Goal of the exercise: Each line of the listing must be transcribed exactly, except for the images, which should be excluded.

Data:
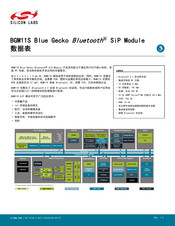 Silicon Laboratories BGM11S12F256GA-V2 Manual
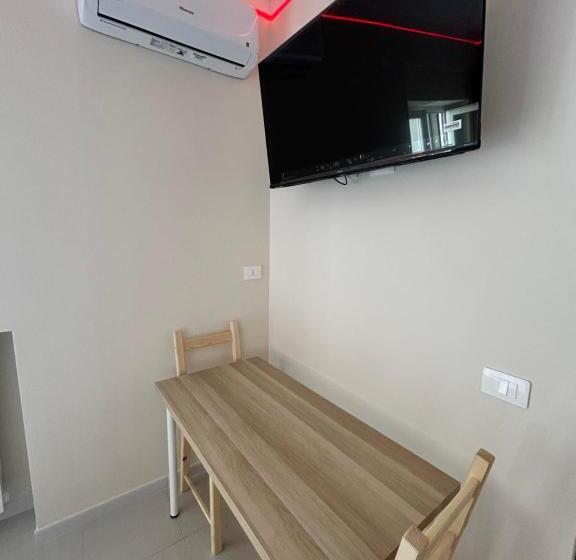 פנסיון Panorama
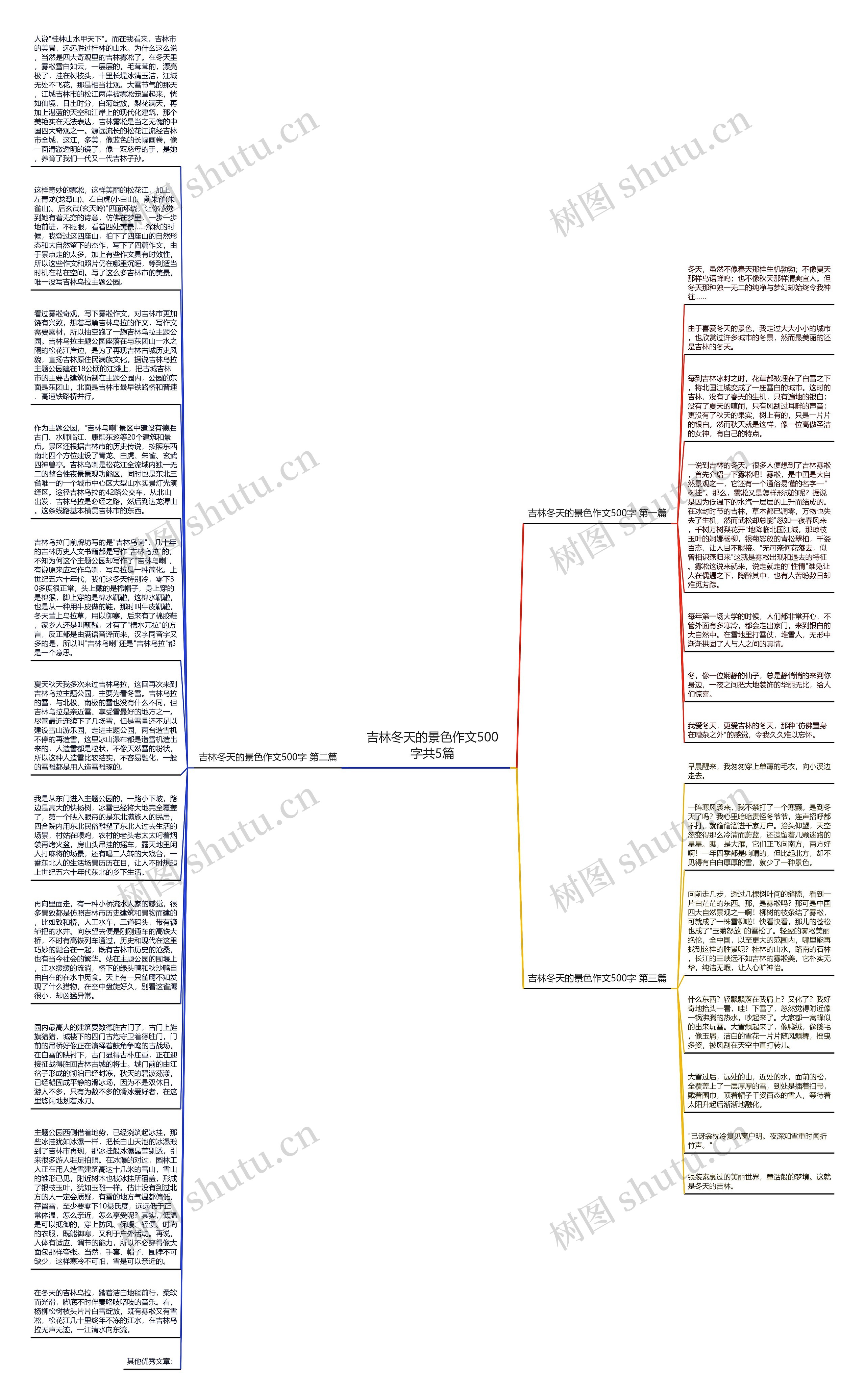 吉林冬天的景色作文500字共5篇思维导图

Exercise answer:
 Silicon Laboratories BGM11S12F256GA-V2 Manual
 פנסיון Panorama
 吉林冬天的景色作文500字共5篇思维导图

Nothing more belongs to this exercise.